Parliament accidentally granted women the right to vote in Legislative Assembly elections in 1863.

The Electoral Act of 1863 allowed all ratepayers listed on local municipal rolls to vote in Assembly elections. Parliament had overlooked a local government law which included women in municipal rolls for local government elections. Those women could vote in the general election of 1864.

Parliament reversed its error in 1865 by restricting the vote to male ratepayers only. It took 43 years before women were again granted the vote in Victoria.

Monster petition

In 1891 members of women’s suffrage groups collected signatures for a petition requesting the vote for women. They collected almost 30,000 signatures, a record at the time.

Premier James Munro tabled the petition in Parliament on 29 September 1891.  The petitioners believed that ‘Women should Vote on Equal terms with Men’ and asked the Assembly to give women the vote.

The original signature sheets are stuck to a fabric backing, creating a continuous list of signatures almost 260 metres long.  The petition is stored at the Public Record Office and is searchable online.

First women to run for Parliament

Women could not stand for election until 1924. The first female candidate for the Assembly was Alicia Katz, who ran as a Labor Party member in the Barwon electorate in 1924.

The first female candidate for the Council was Grace Muriel Stratton.  She stood as an independent in the Higinbotham electorate in 1952. 

Both candidates were unsuccessful.

First female Assembly members

The first female member of the Parliament of Victoria was Lady Millie Peacock. Her husband, Sir Alexander Peacock, died while he was the member for Allandale. Lady Millie was elected unopposed at the subsequent by-election in 1933.

Lady Millie only made one speech during her time in Parliament, in support of improving working conditions in shops and factories.  She did not seek re-election.

Ivy Weber was the first woman elected to the Parliament of Victoria at a general election. She was the independent member for Nunawading from 1937 to 1943. She had 11 children and was a member of the Women's Christian Temperance Union and the National Council of Women.  

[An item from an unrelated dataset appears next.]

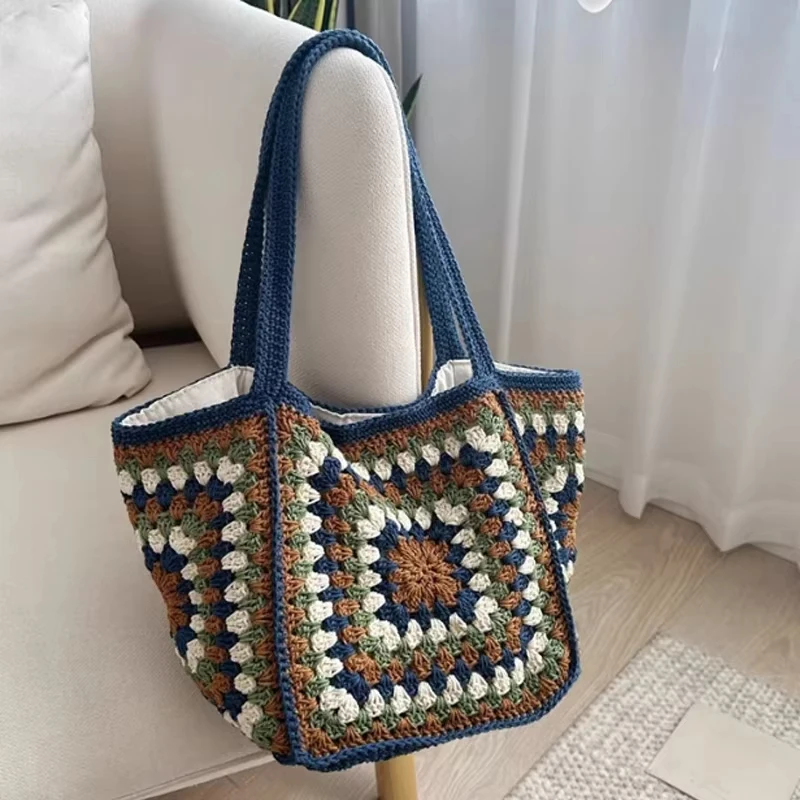 

Vintage Ladies Woven Shoulder Bag Large Capacity Crochet Handbag Tote Bag Hand-knitted Beach Bag Fashion Ethnic Style Women' Bag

First female Council members

The first women to win a seat in the Legislative Council were Gracia Baylor, Liberal member for Boronia Province, and Joan Coxsedge, Labor Member for Melbourne West. Both were successful in the 1979 election.

Trend since the first female members

Between 1948 and 1967 there were no female members in the Victorian Parliament. This followed the general trend of women resuming traditional gender roles after the end of the Second World War, as men returned from service.

Five women were elected to Parliament in the 1970s. Since then women’s participation has steadily increased to the current 53 female members of Parliament.

Women in cabinet

In 1990 Joan Kirner became the first female Premier of Victoria, and the second in Australia.  She is still the only woman to be Victorian Premier. She held power from 10 August 1990 until 3 October 1992.

Pauline Toner was the first female minister in Victoria. She was appointed minister for Community Welfare Services in 1982.

There are currently 11 female ministers.

Presiding officers

In 2003, Judy Maddigan was elected as the Assembly’s first female Speaker. Before this she was the first woman to be Deputy Speaker.

Monica Gould was the first female President of the Legislative Council. She was also elected in 2003.

Find out more, see: Fact Sheet H2: The Speaker

First female Governor

The current Governor, Linda Dessau AC, is the first woman in the role. She became Governor on 1 July 2015.

Female clerks

The Clerk advises the Speaker and members impartially on parliamentary procedure and manages the Department of the Legislative Assembly.

The first woman to become a clerk was the Assistant Clerk Committees in 2003. Since then, the Assembly appointed its first female Serjeant-at-Arms (2007) and its first female Deputy Clerk (2004). In 2017, the first woman was appointed as the Clerk of the Legislative Assembly.

Find out more, see: Fact Sheet H3: The Clerk, Fact Sheet H4: The Serjeant-at-Arms

Breastfeeding in the Chamber

Shortly after the 2002 election, the new member for Forest Hill, Kirstie Marshall, brought her baby into the Chamber to breastfeed. Under the rules, only members and parliamentary staff are allowed in the Chamber during debates.

The Speaker did not allow her to stay and Ms Marshall left the Chamber with her baby.

This incident sparked a lot of media and public comment about breastfeeding in Parliament and other workplaces.  A few weeks later the Speaker relaxed the rules.  Now, if a member needs to be in the Chamber, they can bring an infant in to breastfeed.